Too terrified to call for help while we waited, it was hours before we phoned my mother. With my father in police custody for drunk driving and disorderly conduct, and unable to remember that he even had children, my mother was forced to make the four-hour drive to Austin to pick us up and ensure we didn’t wind up in the care of Child Protective Services. Despite my parent’s divorce, custody had been amicable— until that night. That was the last time my mother allowed my sister and me to visit our father unsupervised.
This wasn’t the childhood my mother envisioned for her children. Not even close. She knew about my father’s tormented past but hoped her love and his sense of duty to family would keep him on the straight and narrow. She was wrong.
Born in poverty in Austin, Texas in the 1940s, my father, Darrell Overton embraced the outlaw lifestyle. Led by his older brother Timmy, “The Overton Gang” were gunrunners, drug dealers and proud Texas outlaws. When my father shot and killed a man in a gun battle over a married woman, the courts ruled it self-defense. My father spent seven years in prison for manslaughter. After his release, he was determined to turn his life around, marrying my mother, Betty, and landing honest work in construction. Unable to have children of their own, they decided to adopt. Heather and I were six days old when Mom and Dad carried us home in matching red Christmas stockings. No amount of treatment programs or pleading would change my father. Despite my mother’s best efforts to keep our family together, his violent and unpredictable behavior made it impossible and they divorced.
The challenges of a raising two daughters alone were immense but my mother never wavered in her efforts to give us the best life possible, encouraging us in school and nurturing our passions. Heather and I had huge imaginations. We were a united force, enamored with movies and TV and the theater. Growing up in a small Texas town, our dreams seemed lofty at best, but at eighteen, with our mother’s support, Heather and I packed our bags and moved to New York City to study acting.

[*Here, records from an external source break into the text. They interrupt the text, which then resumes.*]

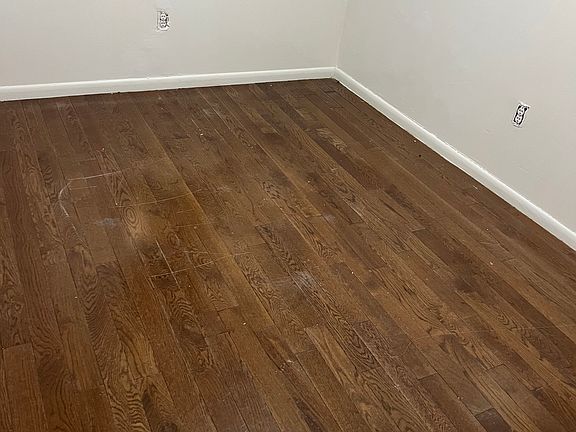 5th image of 3043B Wilson Ave #2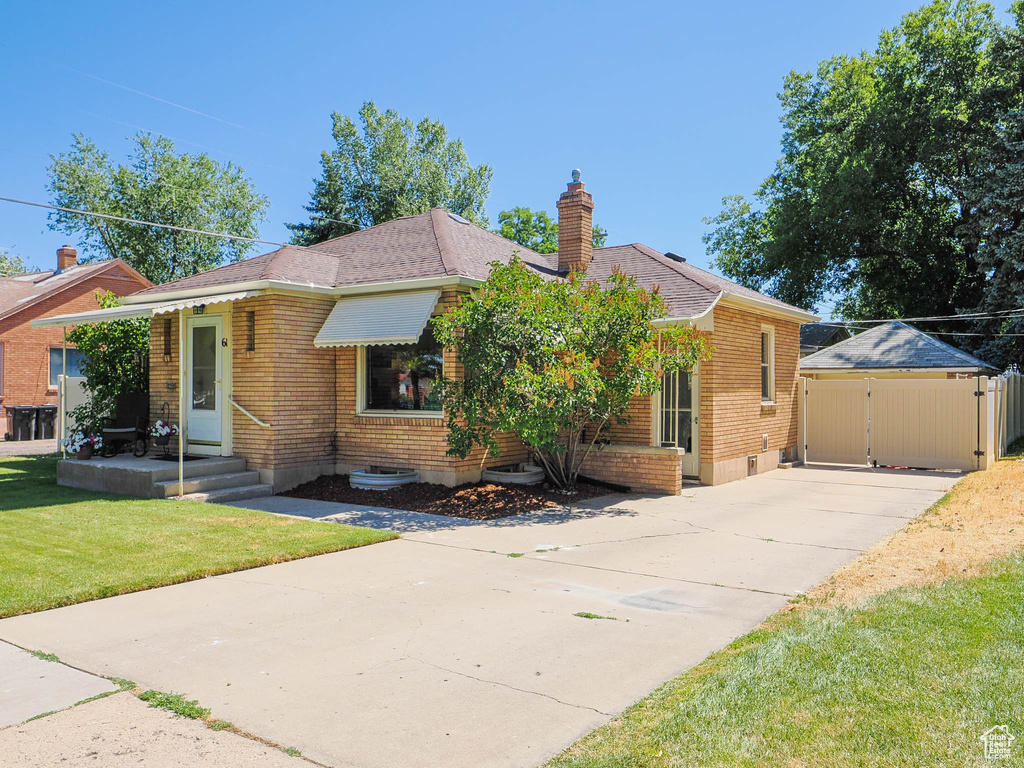 View of front of house featuring a front lawn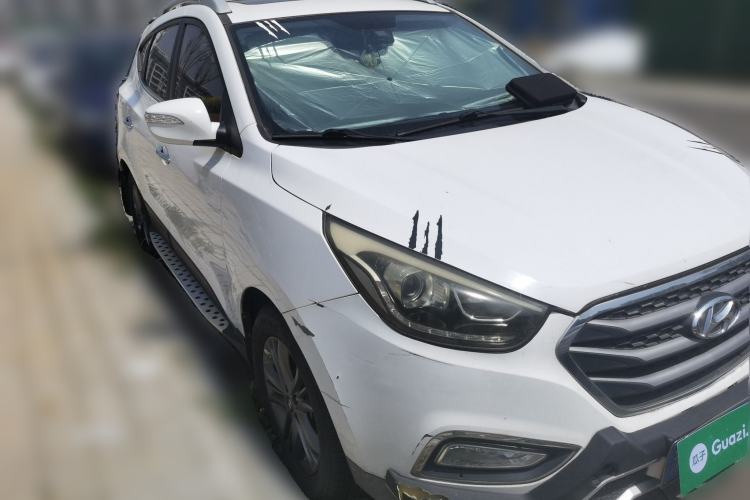 Used Hyundai ix35 2015 2.0L Automatic 2WD Smart Version China V Standard Front Right 45 Deg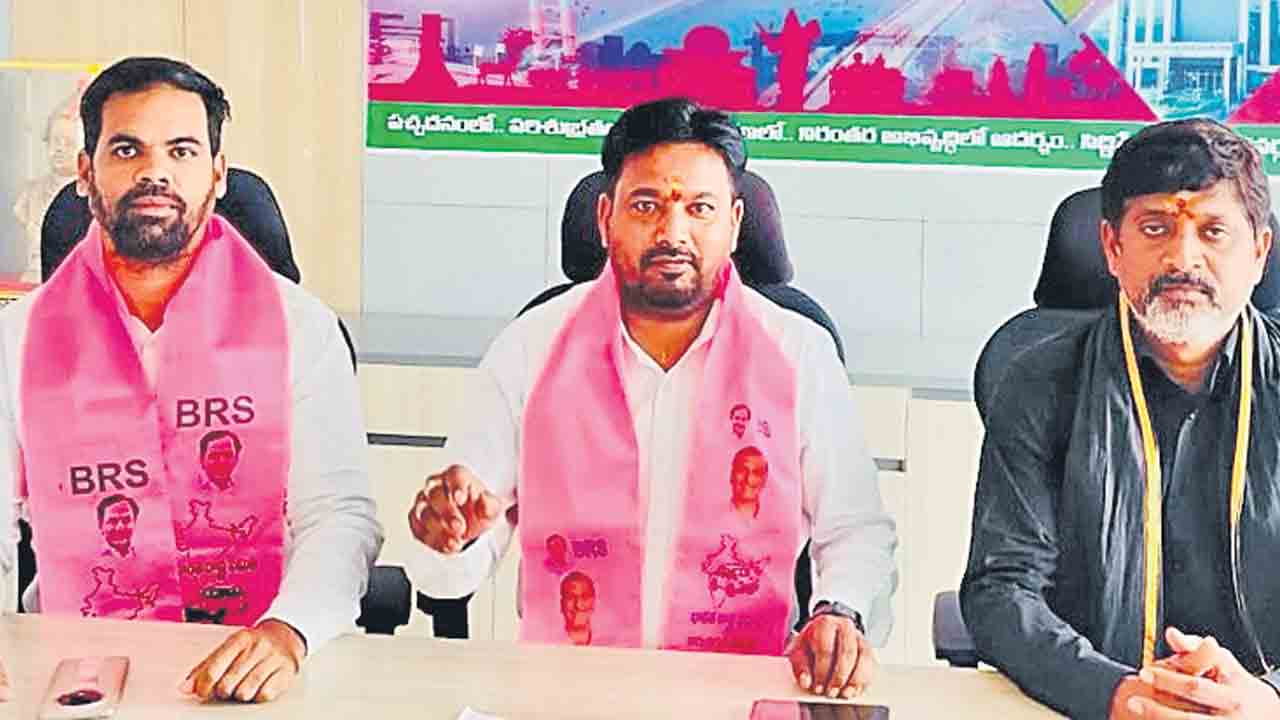 ప్రశ్నిస్తున్నందుకే అక్రమ కేసులు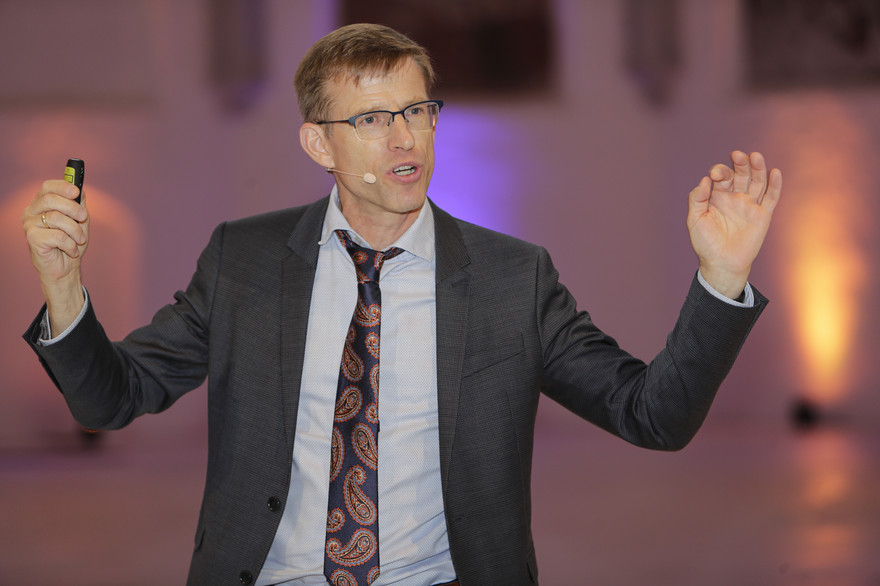 Fritz Breithaupt spricht zum Publikum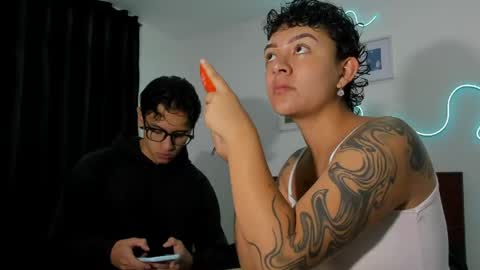 kade and demi independent models online show from June 7, 9:03 am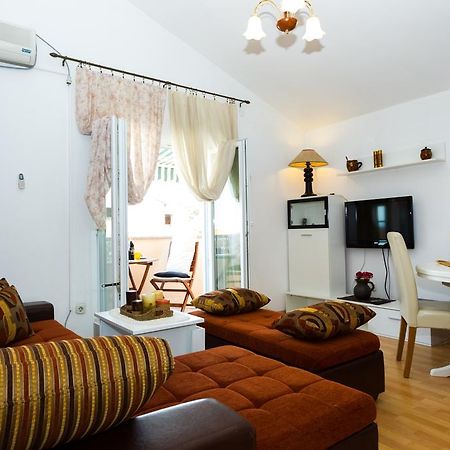 Apartments Villa Orange Zara Esterno foto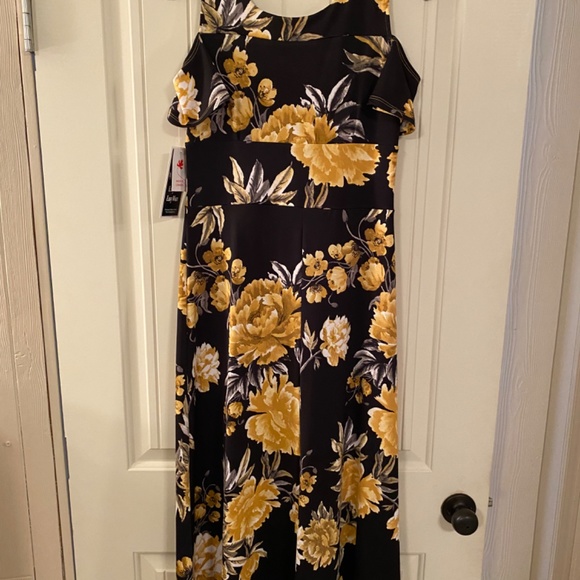 Cold shoulder midi dress - Picture 4 of 8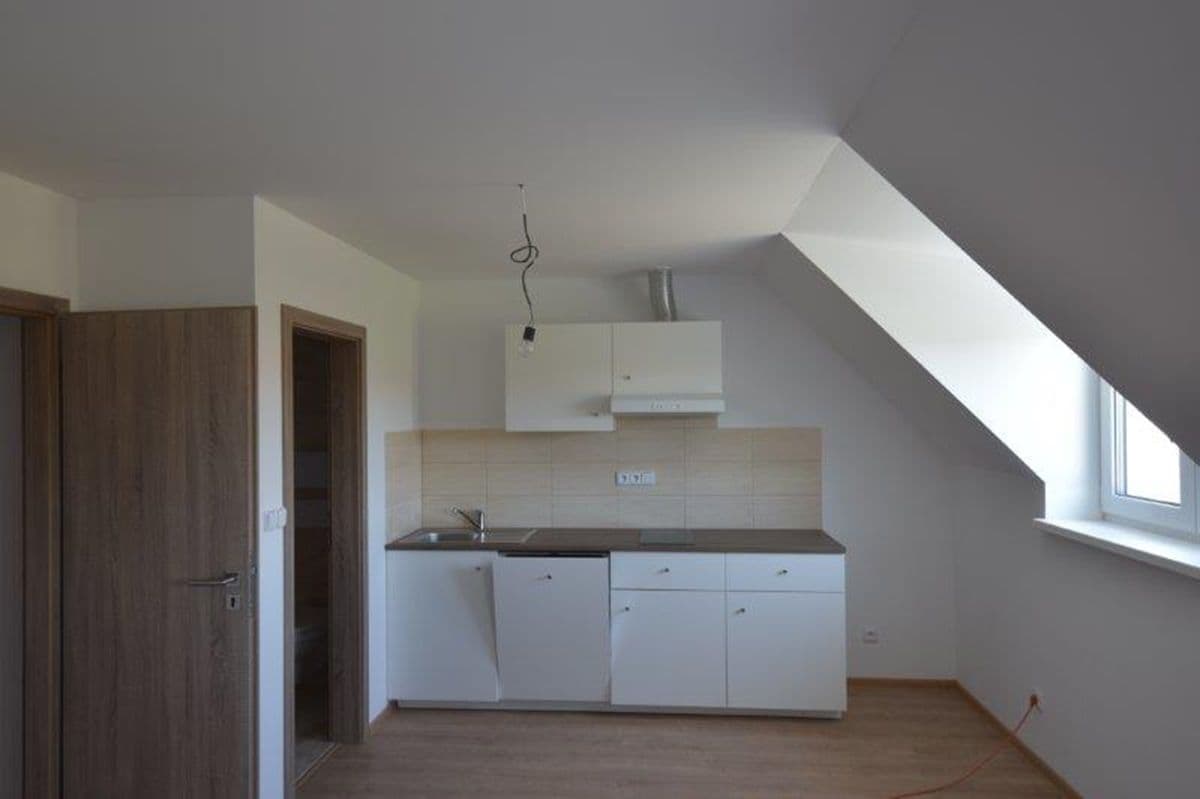 Pronájem bytu Garsoniéra 22 m², Sukova, Velké Přílepy, Středočeský kraj Pronájem bytu Garsoniéra 22 m², Sukova, Velké Přílepy, Středočeský kraj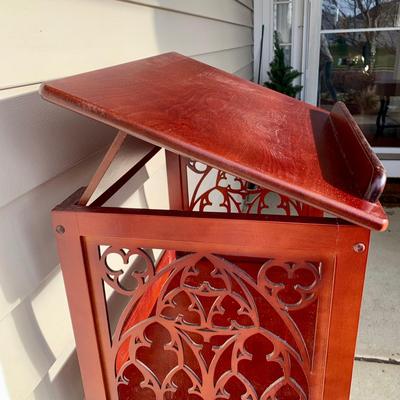 LOT 41 G: Design Toscano Thomas Aquinas Gothic Tracery Bookshelf / Display Stand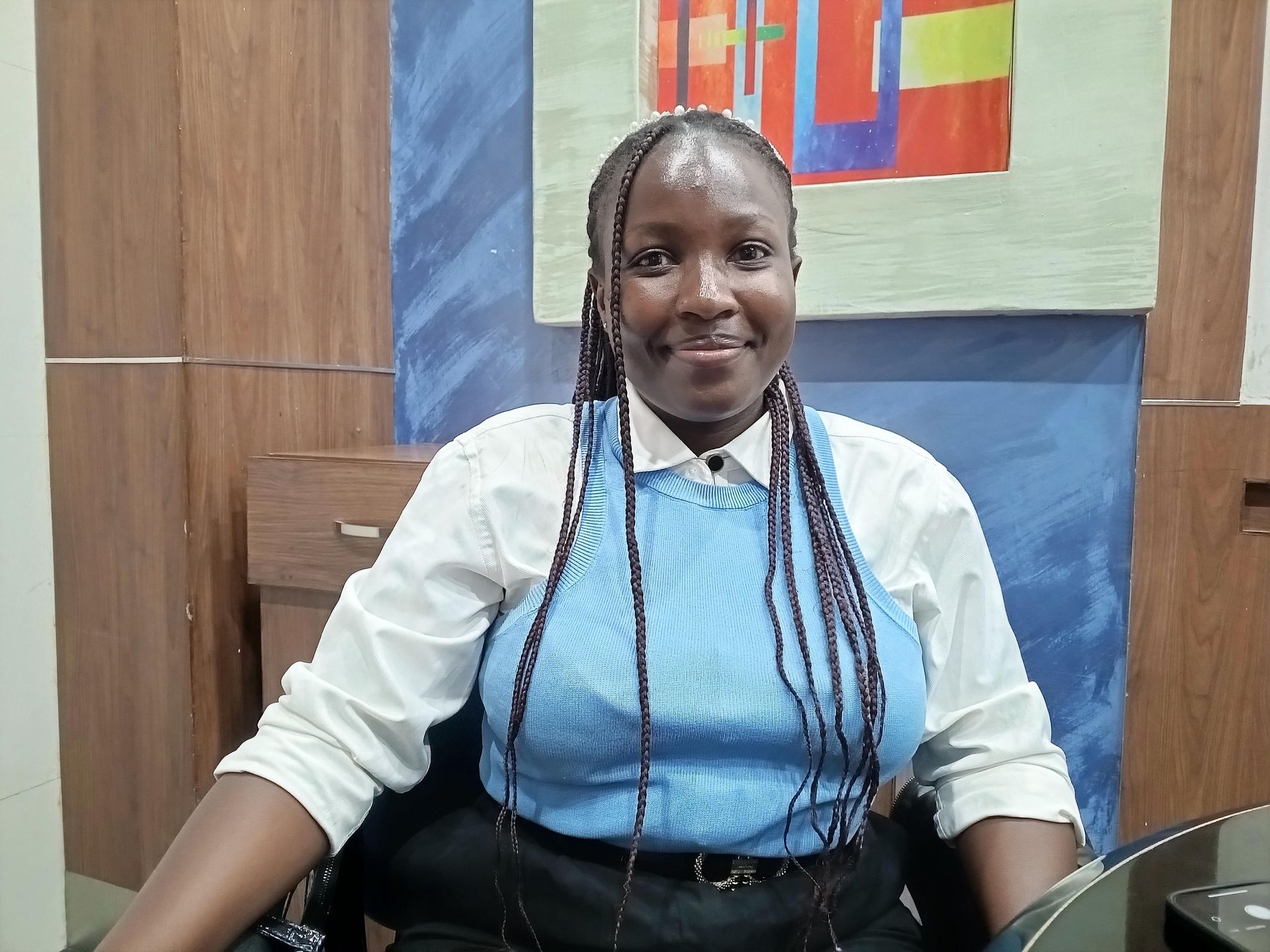 At 23, Lizbeth Mwendwa has turned her creativity into a business with “Unwind With Colour”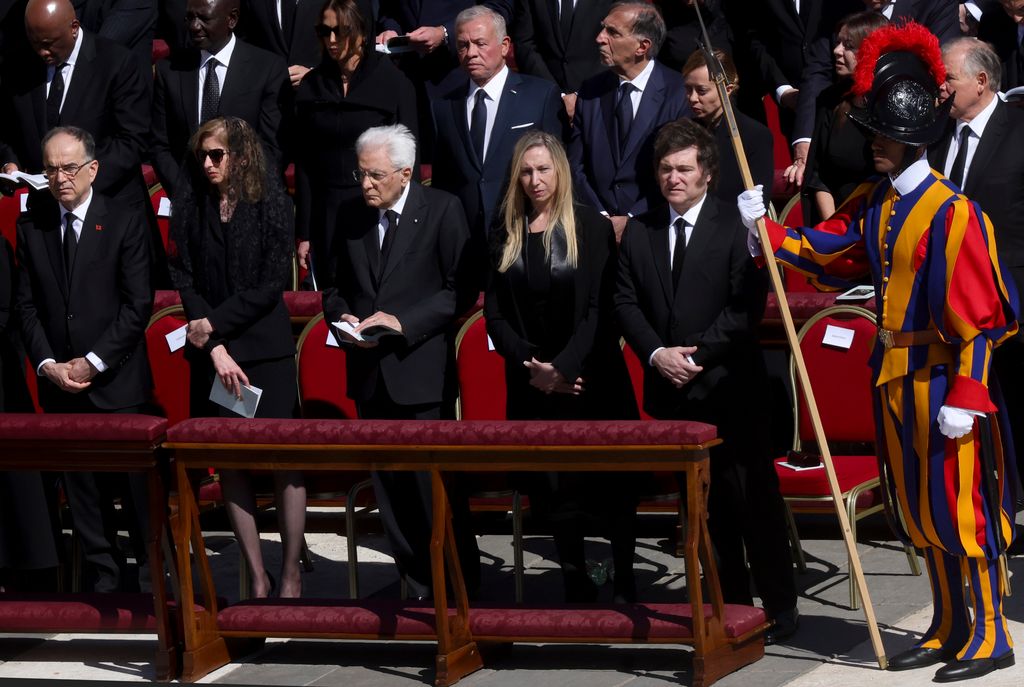 (De izquierda a derecha) El presidente italiano Sergio Mattarella, la secretaria general de la presidencia de Argentina Karina Milei y el presidente de Argentina Javier Milei asisten al funeral del Papa Francisco en la Plaza de San Pedro el 26 de abril de 2025 en la Ciudad del Vaticano.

Our paths diverged several years later when I headed to Hollywood and found my calling as a TV writer. We may have been on opposite coasts but that didn’t lessen our bond. Heather and I consulted one another on everything from clothing choices to boyfriends to job opportunities. After several years, I finally convinced Heather to relocate to LA, where she landed a job working in TV development. It seemed as if all our dreams were coming true. Then in 2013, the show I wrote for was cancelled. I had spent years struggling to get this latest job and then, just like that, it was gone.
Frustrated and unemployed, I interviewed for numerous jobs but couldn’t seem to get that next break. I spiraled, sleeping all day and staying up late into the night, binging on nightly news and true crime stories. The Ariel Castro case broke in the summer of 2013 and I found myself obsessed with the three Cleveland women who had been abducted and held captive for ten years. I couldn’t imagine enduring something so awful. The more I thought about it, the more I wondered how I would cope if I lost my sister Heather—my twin, my best friend, my other half.
Inspired, I wrote feverishly, night and day, for two weeks. When I was done, I had completed ninety pages. I knew that this wasn’t a TV show or a movie but writing a novel seemed so daunting. Fortunately, Heather saw something special in what I had written. “Take a class. Keep writing. Tell this story,” she said. I took her advice, and in less than a year I had completed Baby Doll, my first novel.
For me, the heart and soul of my book was always the twin relationship. I wanted to give readers an inside look at the messy, complicated and unique bond I share with my sister. The struggles that the twin sisters endure in Baby Doll are obviously a much more heightened experience than what Heather and I went through in our lives. But the message is the same: together, with my twin by my side, anything is possible.